Still, we have to trust our beliefs, and this is a matter of faith. But it's always unsettling to realize that we can't be a hundred percent sure about anything. We can't even trust our eyes when it comes to something as obvious as color, because color doesn't exist in the world. Light waves exist, but we can't see them at all. We only know they exist through the instruments we construct and the mathematical formulas that underpin our experiments. Color is a product of our imagination, and so is our perception of the world.
The same can be said about God. We can take surveys, or scan people's brains as they contemplate God, but this will tell us more about the brain and nothing about the true nature of the universe.

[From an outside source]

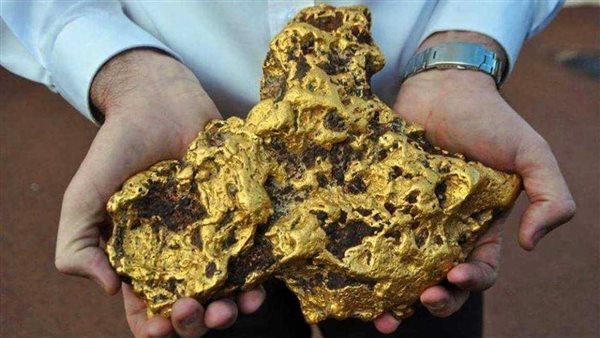 ثروات معدنية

To be spiritually inclined, you have to rely on faith. Those who don't believe in such realms will use different criteria to govern their decisions and ideas, but they too must rely upon their intuition and faith to guide them through the unknown aspects of life. None of us can be certain if we've made the “right” decision, especially when it comes to dealing with abstract concepts like justice, fairness, or moral ideals. If we don't have faith that we're making the best decision we can, then we will be swallowed up in doubt. And doubt, at least as far as your brain is concerned, is a precarious state in which to live.
Faith is equivalent with hope, optimism, and the belief that a positive future awaits us. Faith can also be defined as the ability to trust our beliefs, even when we have no proof that such beliefs are accurate or true. The psychiatrist Vicktor Frankl, who was imprisoned in a Nazi death camp until the end of World War II, said that the single most important thing that kept a survivor alive was faith. If a prisoner lost faith in the future, he was doomed, because the will to live seldom returned.102
Similarly, Mark and I are convinced that for many people, if their faith in God was weakened, they could suffer deeply. Clearly this happened to many Jews, who came away from the Holocaust with the nearly unbearable question, “God, how could you let such a tragedy occur?” Many abandoned their faith in God, but they maintained their faith in humanity, and in their cultural heritage as Jews. More important, many chose to fight for the religious and civil rights of others.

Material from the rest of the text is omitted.